## [The problem]
Determine how many lines below hold the string "Photo". Reply with the number alone.
[[ The records, beginning ]]
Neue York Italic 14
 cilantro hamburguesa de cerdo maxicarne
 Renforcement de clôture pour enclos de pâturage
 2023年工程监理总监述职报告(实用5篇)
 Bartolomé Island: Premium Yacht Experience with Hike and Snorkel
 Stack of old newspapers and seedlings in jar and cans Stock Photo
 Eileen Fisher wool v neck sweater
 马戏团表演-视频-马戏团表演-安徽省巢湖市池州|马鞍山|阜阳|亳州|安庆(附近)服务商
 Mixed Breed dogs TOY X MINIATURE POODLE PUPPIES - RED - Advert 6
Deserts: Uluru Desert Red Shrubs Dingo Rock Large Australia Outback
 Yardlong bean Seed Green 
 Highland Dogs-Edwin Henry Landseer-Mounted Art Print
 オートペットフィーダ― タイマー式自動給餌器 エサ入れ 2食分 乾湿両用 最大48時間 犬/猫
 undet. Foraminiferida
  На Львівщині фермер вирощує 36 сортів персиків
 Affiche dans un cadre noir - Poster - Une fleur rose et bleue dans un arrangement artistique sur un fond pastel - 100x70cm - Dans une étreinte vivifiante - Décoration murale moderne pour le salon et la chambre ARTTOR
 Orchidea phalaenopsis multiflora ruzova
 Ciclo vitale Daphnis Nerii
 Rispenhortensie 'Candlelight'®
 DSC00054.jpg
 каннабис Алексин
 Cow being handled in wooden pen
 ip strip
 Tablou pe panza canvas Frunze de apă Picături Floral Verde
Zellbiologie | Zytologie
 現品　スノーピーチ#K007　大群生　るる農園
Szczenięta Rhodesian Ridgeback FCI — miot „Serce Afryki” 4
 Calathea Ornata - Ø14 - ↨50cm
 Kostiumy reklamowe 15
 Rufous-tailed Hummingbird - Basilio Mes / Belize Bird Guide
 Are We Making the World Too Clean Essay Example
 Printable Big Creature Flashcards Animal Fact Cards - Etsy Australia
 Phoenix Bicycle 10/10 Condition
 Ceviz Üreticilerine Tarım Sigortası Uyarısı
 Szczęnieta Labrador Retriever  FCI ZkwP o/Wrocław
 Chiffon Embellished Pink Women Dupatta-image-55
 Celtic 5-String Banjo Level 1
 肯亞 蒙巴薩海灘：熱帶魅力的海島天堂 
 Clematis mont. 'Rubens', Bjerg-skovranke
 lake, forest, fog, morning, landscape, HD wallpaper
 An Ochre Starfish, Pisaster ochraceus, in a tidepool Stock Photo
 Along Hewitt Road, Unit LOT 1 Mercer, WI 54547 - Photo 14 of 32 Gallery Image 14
[[ The records, end ]]
## [Output of the exercise]
3